Officers also located and photographed black duct tape, but did not tag or seize it. Duct tape had been used by the individual who broke into Stamford Elementary School on November 18, 2018, to hold a window together.
Procedural Background.
The defendant pleaded guilty in New York to breaking into the Cambridge Central School and the Walter B. Howard Elementary School as well as possessing the stolen safe from the Stamford Elementary School. After having served his ten-month sentence, the defendant was transferred to Columbia County Jail in Hudson, New York, where he was held for an additional six weeks. At no point during his incarceration in New York did the defendant receive any substance use treatment. At this time, the defendant still had pending charges in Vermont and Massachusetts.

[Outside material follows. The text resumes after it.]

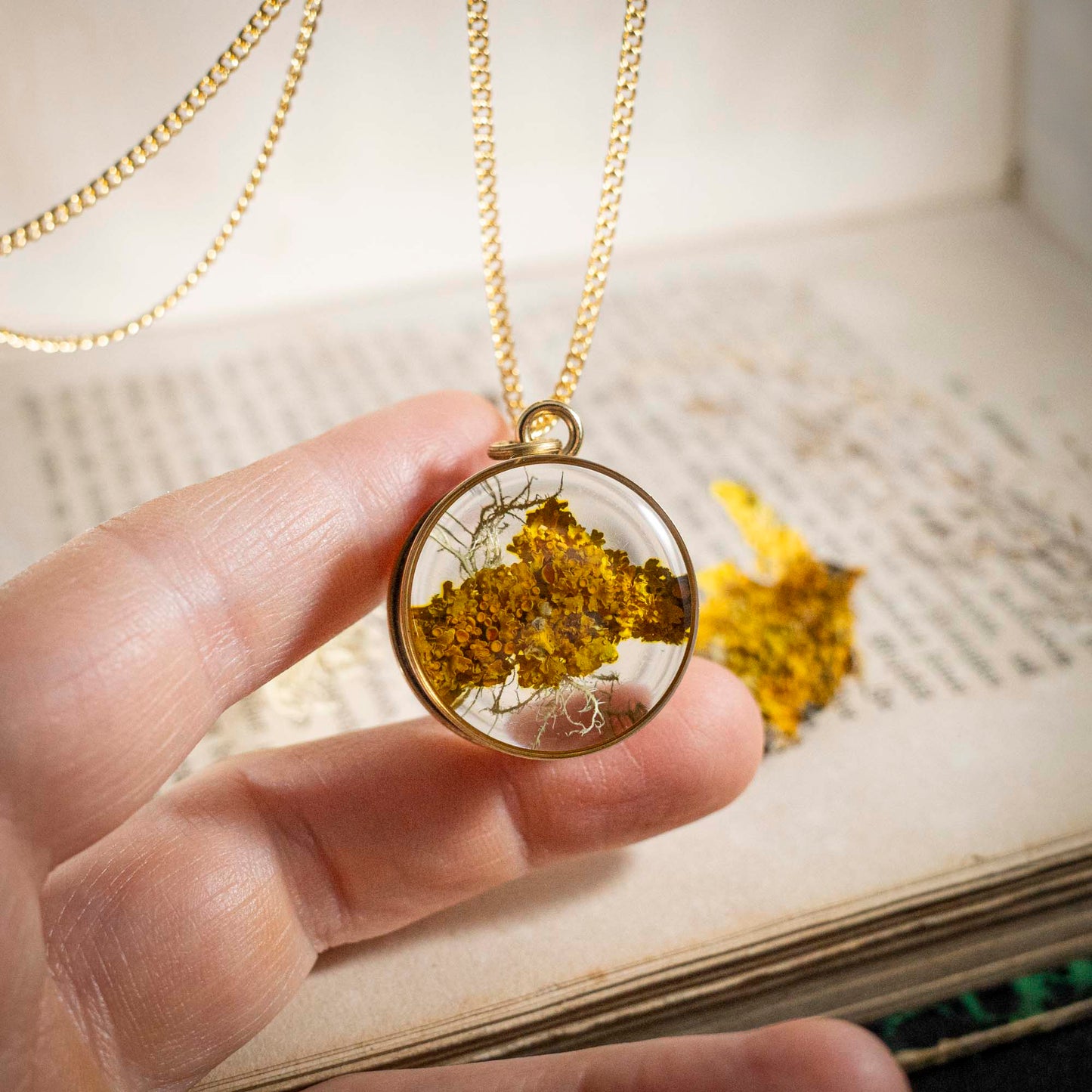 Schätze des Waldes - Anhänger mit Flechte, rund 24k vergoldet, #3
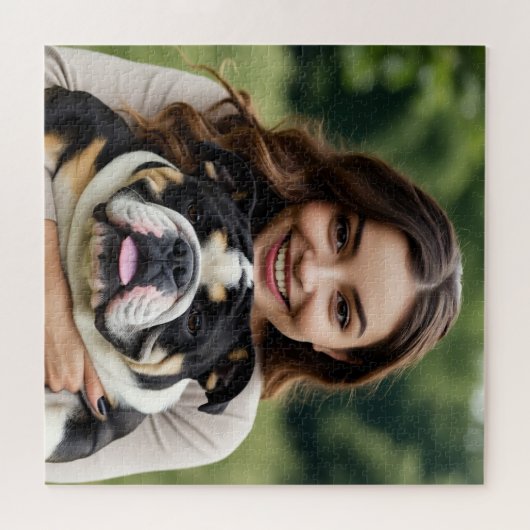 Add Bulldog Photo Personalize Customize Puzzle (Horizontal)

The defendant's attorney for the cases in Massachusetts negotiated a plea deal for the defendant to serve eighteen months in the house of correction -- which his attorney believed would be necessary for the defendant to participate in the Residential Substance Abuse Treatment (RSAT) program, a six-month intensive substance use program only offered to people serving more than a twelve-month sentence -- with a period of probation afterwards. After the defendant admitted to sufficient facts for a finding of guilty of all charges and was found guilty of two of them, his defense counsel asked that the defendant be placed in the RSAT program at the Berkshire County house of correction. The defendant was sentenced on the two convictions to eighteen months in the house of correction with an RSAT recommendation; probation was not imposed, and the rest of the charges were continued without a finding for eighteen months and then dismissed.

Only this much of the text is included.